---------- Source records ----------

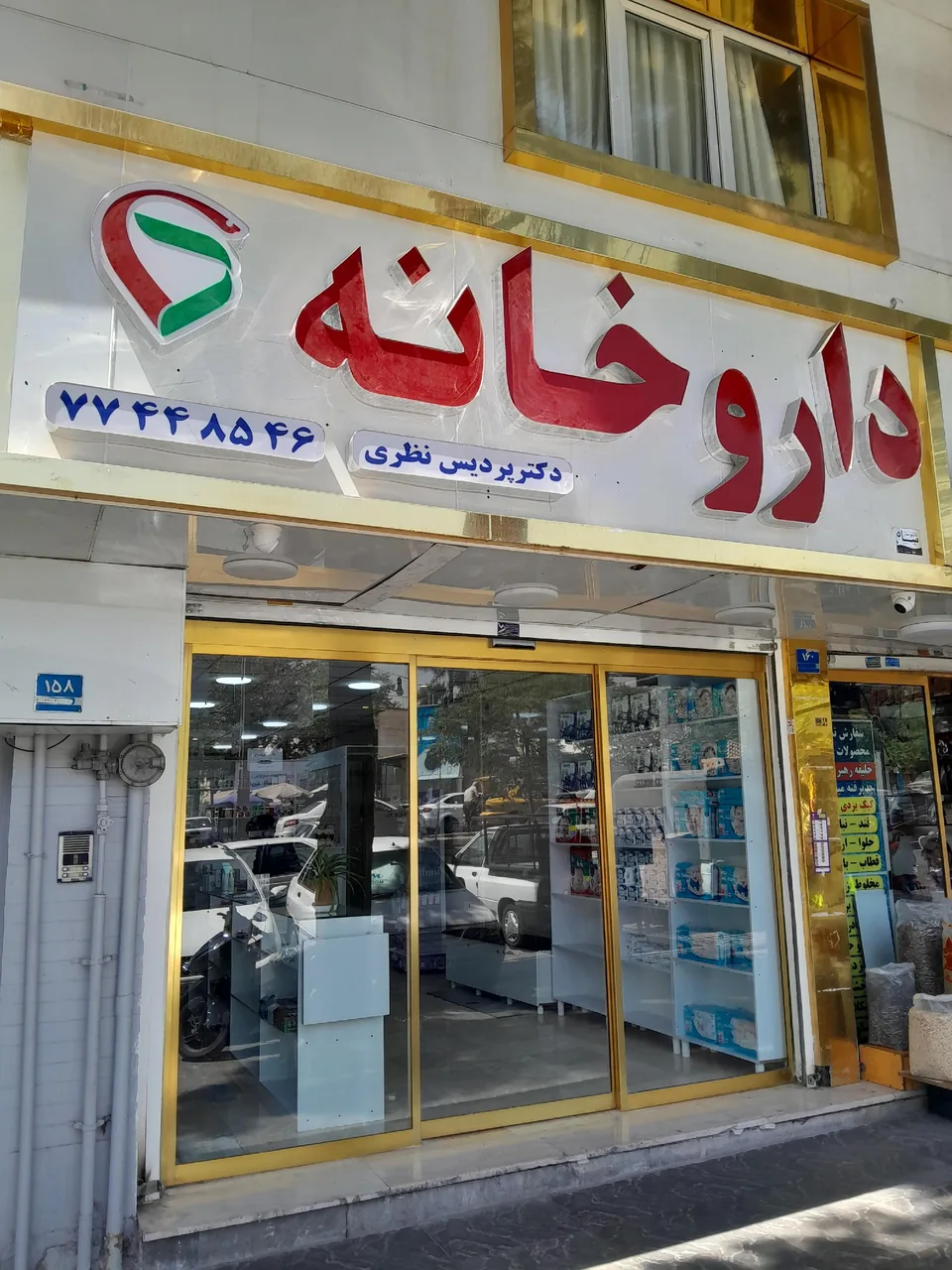 داروخانه دکتر پردیس نظری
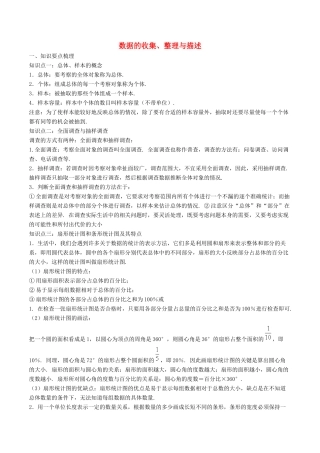 八年级数学下册 第7章 数据的收集、整理、描述本章小结教案 （新版）苏科版-（新版）苏科版初中八年级下册数学教案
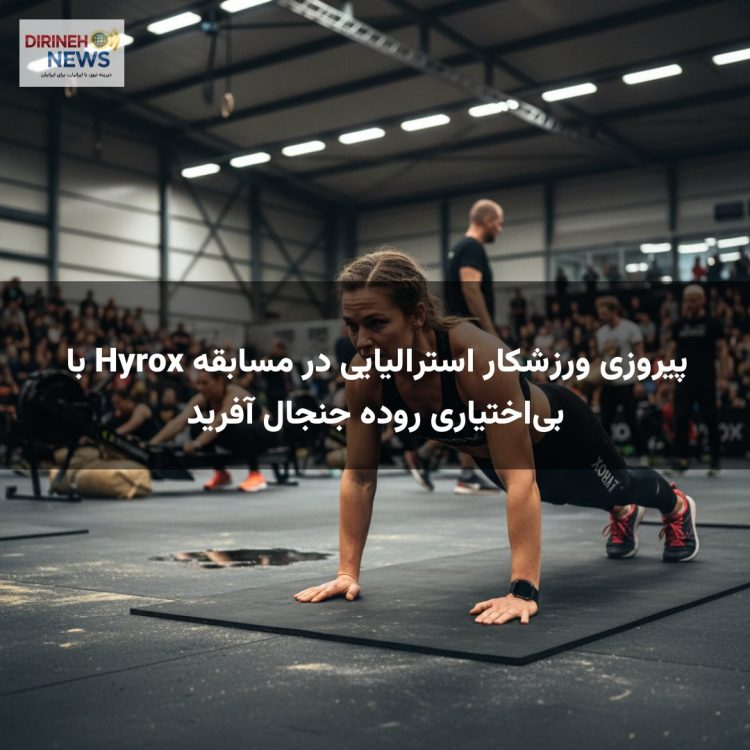 پیروزی ورزشکار استرالیایی در مسابقه Hyrox با بی‌اختیاری روده جنجال آفرید
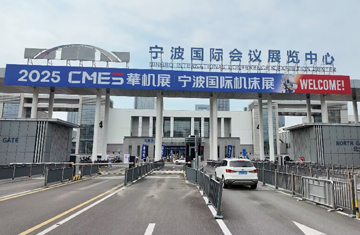 2025�������ʻ���չ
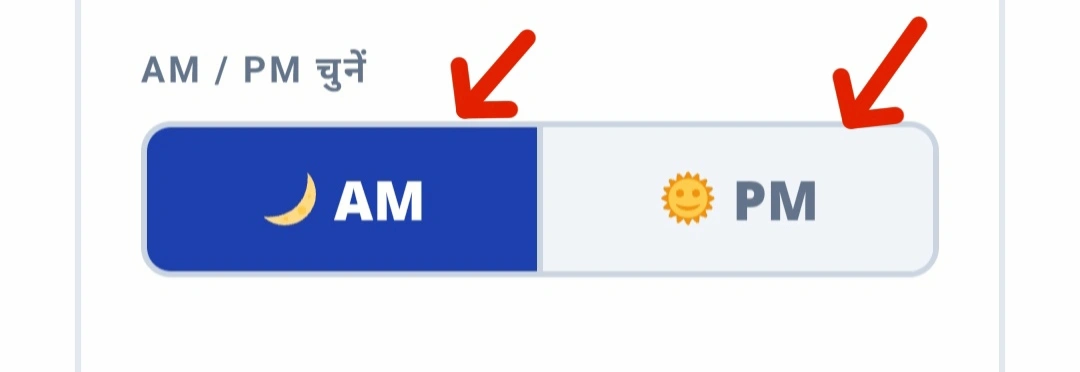 select AM PM option in greeting tool for correct time greeting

----------

▶ [Work order]:
Return each line above word for word. Skip the pictures.

▶ [Written solution]:
 داروخانه دکتر پردیس نظری
 八年级数学下册 第7章 数据的收集、整理、描述本章小结教案 （新版）苏科版-（新版）苏科版初中八年级下册数学教案
 پیروزی ورزشکار استرالیایی در مسابقه Hyrox با بی‌اختیاری روده جنجال آفرید
 2025�������ʻ���չ
 select AM PM option in greeting tool for correct time greeting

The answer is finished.